You are right to think that the US is in for a bumpy ride, it is, and for the reasons I and others have been going on about for more than a decade.
The core issue that connects all the significant actors, in different ways, is energy – its supply and its cost.
Right now US tight hydrocarbon firms are pumping for all their worth in order to generate cash flow to enable them to pay their loans. They are stuck. They simply can not reduce output by one iota, they have no choice but to pump and pump no matter how much money they lose.
US industry and consumers are ‘happy’ because energy prices seem to be lower. However this does not spark off a consumer boom as had been expected because the consumers have got no money, they are tapped out. This can be seen from retail figures and even more from what can be seen in the activities of retailers who are closing down and cutting back at a furious rate.
In turn this means manufacturers can’t sell – the only sector doing ‘OK’ is autos and they depend, like the oil folks, on cheap money. Basically a new bubble of commoditised sub prime debt has been created.
Saudi Arabia is pumping for all it is worth in order to squash the unconventional oil firms in the US. They may have started out with this in a coordinated attack with the US on Russia bit they sure as anything are not doing so any longer. The target has changed.
Russia is pumping for all its worth in order to capitalise upon their ability to make profit from their sales. Their financial structure means they still make a profit from their sales but although cost of sales is still lower than the sale price the gross revenues are, of course falling – but not as much as those with a dollar fixation imagine.
If the current price regime continues for years into the future than the value of the big agreements made last year might be impacted but the thing is that China and Russia are dealing in yuan and roubles, not in dollars. This means that the dollar’s fluctuations are not relevant and the price of the rouble and yuan as a pair will be much more stable than rouble – dollar -yuan will be.

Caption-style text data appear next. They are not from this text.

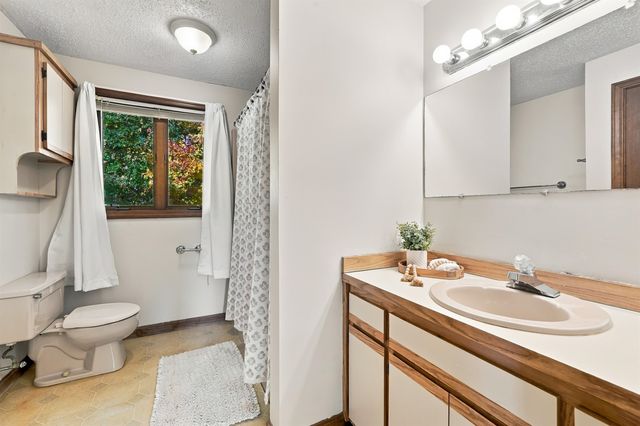 19 Gloucester Lane, Nashua, NH 03063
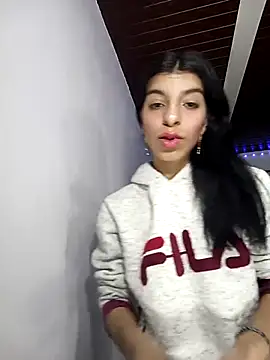 Snapshot of Ariell_Kieran chatting on 02.19.25 Ariell Kieran online show from 02.19.25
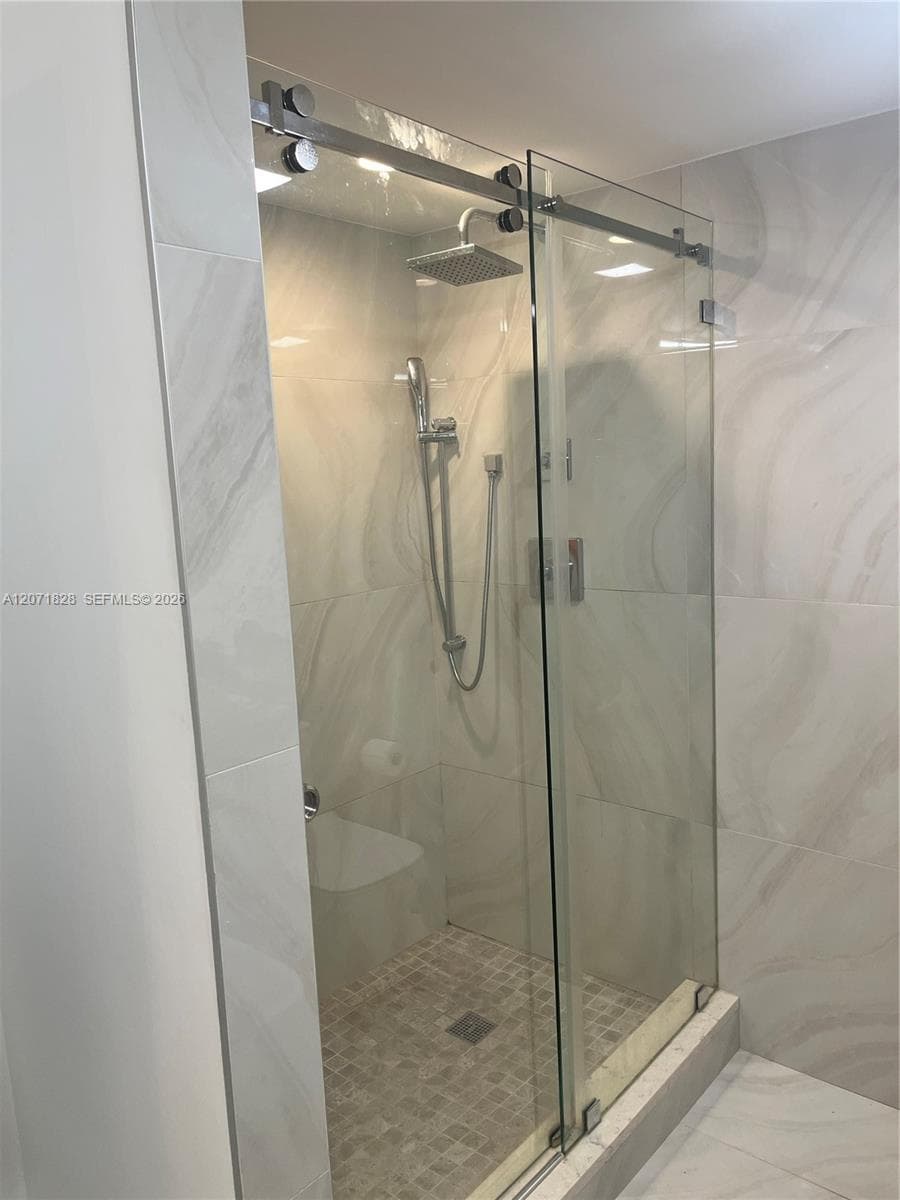 20191 E Country Club Dr # 503, Aventura, FL 33180 photo 5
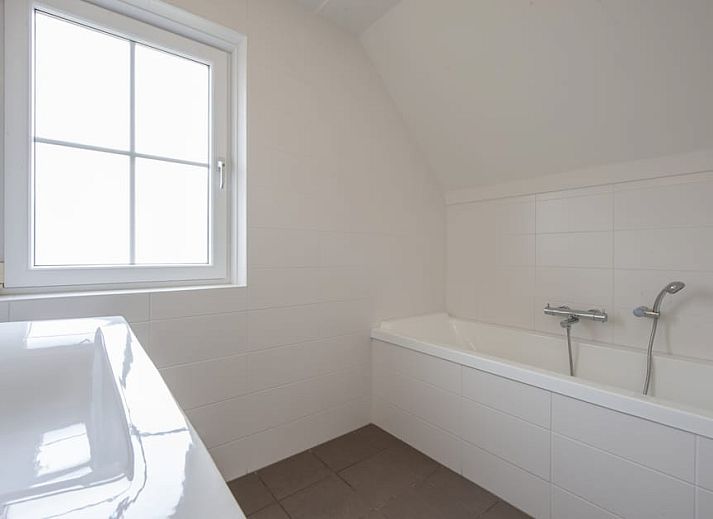 Stijlvolle woonkamer van Villa 4C Luxe in Cadzand-bad, Zeeland, met moderne inrichting en veel natuurlijk licht.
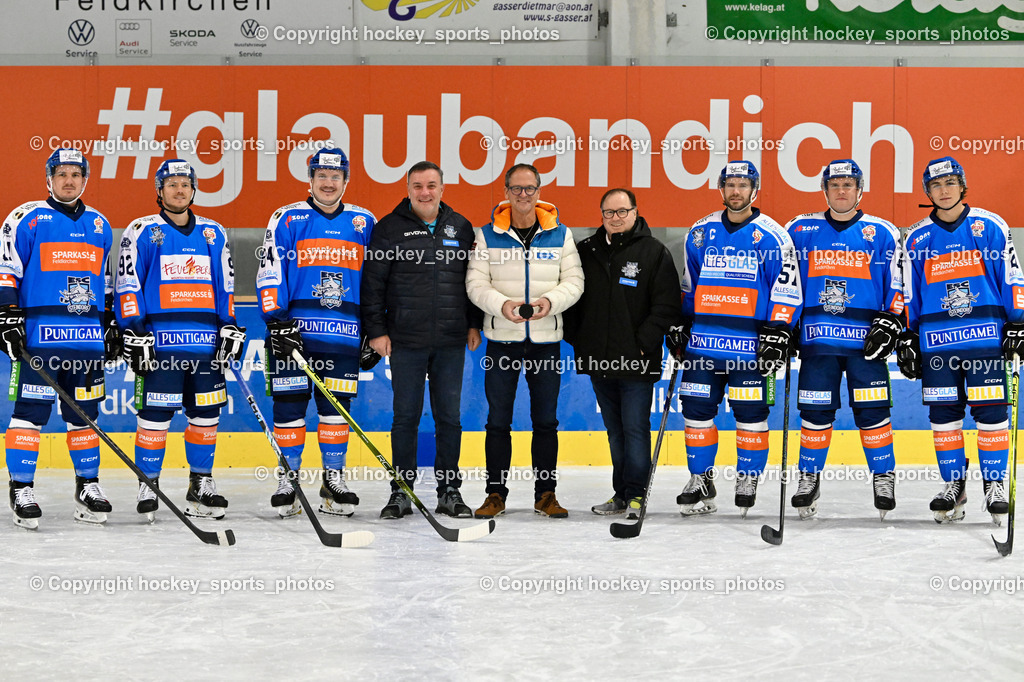 ESC Steindorf Sparkasse Feldkirchen Shooting | Hans Tschernutter Sektionsleiter ESC Steindorf, #21 WALDER PATRIK, #11 Luka Kalan, #92 RATZ PATRICK, #64 Stichauner Fabian, #57 Wilfan Franz, #46 Maurer Julian, Sportlicher Leiter ESC Steindorf Armin Rac, Gerhard Schreilechner, ESC Steindorf Sparkasse Feldkirchen Shooting, ESC Steindorf Sparkasse Feldkirchen Shooting am 24.10.2025 in Steindorf (Ossiachersee Halle), Austria, (Photo by Bernd Stefan)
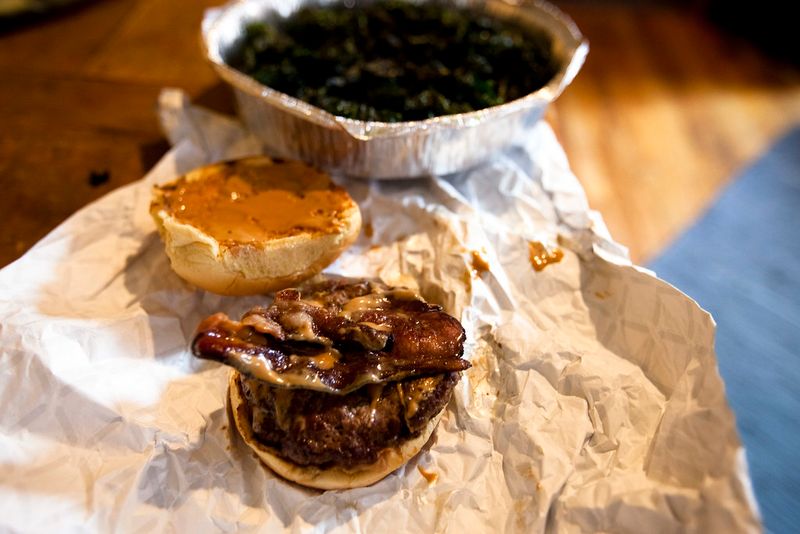 Peanut butter burger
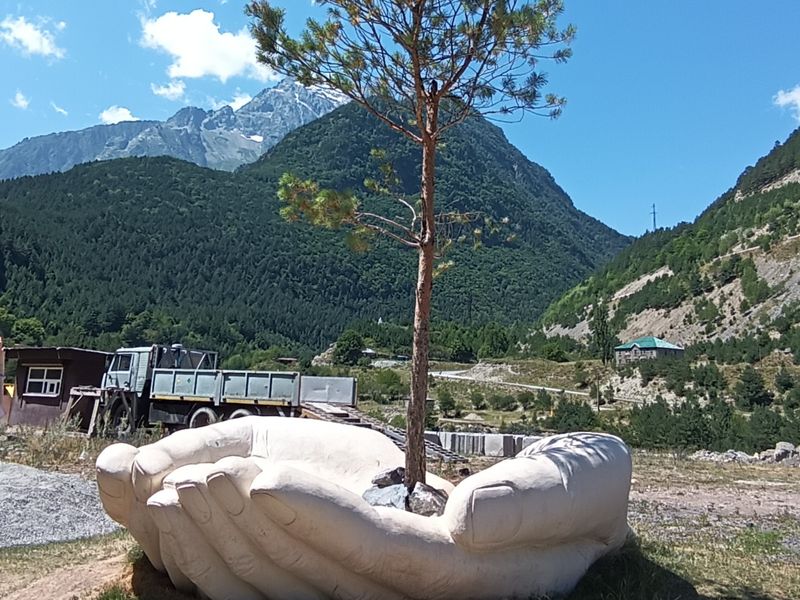 Арт-объект Древо жизни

China has devalued slightly, but the currency, due to its link to the dollar, is still very over valued. They could move another 20% to get to the ‘correct’ value. Of course by doing so they’d kick the US in the nuts such that they’d not be getting off the floor for a while.
For them cheaper energy is worthwhile but is not essential. It was the decline in China’s energy consumption early last year that told us what was happening globally – that consumption of Chinese goods was falling. The Chinese knew this too, before the energy figures gave he game away. That led them to move ahead with moving toward the internal market which has a huge amount of room to grow – just as the US market did from early in the last century when they were already the world’s largest economy (since about 1870).
It is obvious that the Chinese devaluation was a signal to the IMF and US. As many do not understand, a currency pegged to another, as the yuan and dollar are, are not freely traded. For inclusion in the IMF basket the yuan needs to be unpegged, either fully or almost so.
This is a signal to the IMF that China is willing to do what is needed.
The US is being told that China will no longer support the dollar as it has been doing.
Whilst events may seem to be coincidental they are probably less coincidental than we might imagine. China is making foreign policy moves, in concert with Russia. Saudi Arabia is making its own moves. The target, on the whole, is the US.
The goal is to force the dollar into appreciation against as many significant currency pairs as possible thus weakening the US freedom of action across the globe and in the internal market.
Remember, having a ‘strong’ currency is often not the best option, especially when the holders of that currency have been spending the past 6 years trying to devalue it, without success.
The big issue facing all of us is this: it is quite possible that the global economy can no longer afford to pay as much as it is for oil. If we can not afford to pay then we will not and the price will fall further. This WILL result in a fall in oil output from all but the cheapest sources – this means the US will cease to produce almost any oil. Only the cheapest producers will be viable and only the cheapest producers with manufacturing infrastructure will be able to maintain anything like current standards of living.
There’s only one economy that fits that description – you can guess which it is.
There’s one other economy that has the means to access the ‘cheap’ energy from that source AND the internal market and manufacturing infrastructure to maintain anything like current standards of living and you can probably guess which that is.
As a helper, the US does not fit either description.
Andrew Wilson.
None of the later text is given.